If you’re going to break up the top line-which as we noticed, doesn’t work- the first player to replace Landeskog should not be Matt Nieto. Yes I understand he’s fast, but he just does not have the skill to play up there. Give a guy like Alexander Kerfoot or J.T. Compher or dare I even say it, Tyson Jost-who for that matter is far from a bust- a chance on the top line. For more than three shifts.
Matt Nieto is a perfect fourth line guy who can kill penalties. The other guys who have been given shots on that fourth line recently include the likes of Gabriel Bourque, Sheldon Dries. The biggest issue I have with this fourth line is how Bednar plays them.
In the Colorado Avalanche’s game against the Nashville Predators, the Avalanche were down two goals in the third period. Jared Bednar sent this line out with somewhere around 15 minutes left. I bit my tongue and figured it would be their last shift. It wasn’t.
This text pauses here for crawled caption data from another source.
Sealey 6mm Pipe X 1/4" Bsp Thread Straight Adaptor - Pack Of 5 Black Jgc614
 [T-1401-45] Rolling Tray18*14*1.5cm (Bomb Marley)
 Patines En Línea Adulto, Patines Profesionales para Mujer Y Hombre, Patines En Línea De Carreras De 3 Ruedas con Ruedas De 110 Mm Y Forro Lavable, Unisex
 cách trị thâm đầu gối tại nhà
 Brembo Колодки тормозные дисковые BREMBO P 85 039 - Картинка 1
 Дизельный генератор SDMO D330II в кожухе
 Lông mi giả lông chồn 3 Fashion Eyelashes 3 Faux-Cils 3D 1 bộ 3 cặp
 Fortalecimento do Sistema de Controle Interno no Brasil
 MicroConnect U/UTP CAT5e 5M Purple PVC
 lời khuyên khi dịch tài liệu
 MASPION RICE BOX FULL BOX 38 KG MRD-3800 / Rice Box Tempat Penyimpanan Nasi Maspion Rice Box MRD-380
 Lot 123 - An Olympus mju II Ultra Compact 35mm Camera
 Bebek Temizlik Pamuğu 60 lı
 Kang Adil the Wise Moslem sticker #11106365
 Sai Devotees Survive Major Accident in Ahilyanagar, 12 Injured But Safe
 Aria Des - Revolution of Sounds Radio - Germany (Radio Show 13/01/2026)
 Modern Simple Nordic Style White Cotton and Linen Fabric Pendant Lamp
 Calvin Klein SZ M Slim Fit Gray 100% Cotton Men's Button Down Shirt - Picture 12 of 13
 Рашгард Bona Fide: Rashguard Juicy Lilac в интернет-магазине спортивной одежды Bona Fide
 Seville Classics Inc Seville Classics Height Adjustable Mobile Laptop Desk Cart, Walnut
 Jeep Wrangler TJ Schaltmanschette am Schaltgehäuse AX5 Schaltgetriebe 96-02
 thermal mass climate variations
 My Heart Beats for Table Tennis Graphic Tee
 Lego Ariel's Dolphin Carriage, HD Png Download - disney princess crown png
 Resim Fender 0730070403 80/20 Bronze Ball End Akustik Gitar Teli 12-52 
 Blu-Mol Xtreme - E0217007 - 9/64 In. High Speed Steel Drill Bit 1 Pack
They were again, sent out there with 7 and a half minutes left in a game the Avalanche most desperately needed.
We have three current lines, that, as of late, are playing strong and can put the puck in the back of the net. Obviously the top line is head and shoulders above the other two, but the likes of Compher, Wilson, Soderberg and Andrighetto, Kerfoot and Calvert comprise two quality NHL lines. They are in good enough shape to shorten the bench in the times of need.
The fourth line should not be playing in the third period anytime the Avalanche are down by more than a goal.
As far as I was concerned, this was the breaking point for Jared Bednar.